Background
Amazon sellers that are part of the company’s Brand Registry program
have access to Amazon’s Brand Analytics, a feature which provides
valuable data to Amazon sellers on the larger Amazon product catalog,
demographic data on a seller’s customers, and other useful information.
One of the reports provided by Brand Analytics is the Amazon Search
Terms report, which includes a list of the most popular search terms on
Amazon for a selected time frame, ranked. In addition to providing the
search frequency rank, the report also provides data on the top three
clicked products for each search term, and the share that those products
have of all the clicks and sales made when a customer searches that
term. While this is useful for a seller tracking the position of their
own products on the Amazon platform, it can also be used to observe
trends concerning broader customer interests and their interaction with
the Amazon product catalog. The full report, when downloaded, includes
records on the top 1,000,000 search terms for a select time period. The
short project below, done in R, explores this data for the week-long
period of 5/22/22 - 5/28/22 and provides visualization of some of the
trends that can be ascertained from this large dataset.
For a description of the Amazon report in question, refer here.
Loading libraries:
library(tidyverse)
library(ggplot2)
library(tidyr)
library(janitor)
library(ggwordcloud)
library(wordcloud)
library(tm)
library(NLP)
reading CSV file:
search_data <- read_csv("/Users/YourName/Desktop/File.csv", skip=1)
str(search_data)
search_data <- clean_names(search_data)
Preview the dataset:
head(search_data,10)
Let’s remove the % symbol and make the values numeric for all
columns where a % symbol appears:
search_data$number_1_click_share <- as.numeric(sub("%", "", search_data$number_1_click_share))
search_data$number_2_click_share <- as.numeric(sub("%", "", search_data$number_2_click_share))
search_data$number_3_click_share <- as.numeric(sub("%", "", search_data$number_3_click_share))
search_data$number_1_conversion_share <- as.numeric(sub("%", "", search_data$number_1_conversion_share))

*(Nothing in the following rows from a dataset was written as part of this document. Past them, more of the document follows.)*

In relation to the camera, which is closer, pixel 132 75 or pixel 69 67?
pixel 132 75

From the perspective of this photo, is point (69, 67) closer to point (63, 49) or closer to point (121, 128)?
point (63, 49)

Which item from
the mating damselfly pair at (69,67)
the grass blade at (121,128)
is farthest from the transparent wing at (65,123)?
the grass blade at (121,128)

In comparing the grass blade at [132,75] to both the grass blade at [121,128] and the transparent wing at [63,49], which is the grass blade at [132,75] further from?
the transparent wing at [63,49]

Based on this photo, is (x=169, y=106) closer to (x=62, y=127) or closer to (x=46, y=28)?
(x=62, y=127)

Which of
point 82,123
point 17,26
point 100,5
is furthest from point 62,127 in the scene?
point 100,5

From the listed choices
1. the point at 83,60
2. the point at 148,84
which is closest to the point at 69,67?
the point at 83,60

search_data$number_2_conversion_share <- as.numeric(sub("%", "", search_data$number_2_conversion_share))
search_data$number_3_conversion_share <- as.numeric(sub("%", "", search_data$number_3_conversion_share))
Let’s create a wordcloud to see what people are searching the most
for in this time period. To make this more manageable, lets work with
the top 30,000 searches, and words mentioned more than 50 times.
top_30k <- search_data %>% filter(search_frequency_rank<=30000)
wordcloud(top_30k$search_term, min.freq=50)
Products with a search rank of less than or equal to 30,000 represent
some of the most searched (and purchased) Amazon products, and our list
above only includes those search terms that were repeated more than 50
times in these twop 30,000 entries. The wordcloud above therefore gives
us a quick glimpse into Amazon customers’ top search behavior during the
time period looked at at the end of May. Given well-known sales trends,
we unsurpisingly see “women” as our top searched term. We see other
sales demographics noted as key search terms as well, including men,
baby, and dog (i.e. pets). Given the summer time frame looked at in this
search terms report, it is unsurprising to see terms such as “outdoor,”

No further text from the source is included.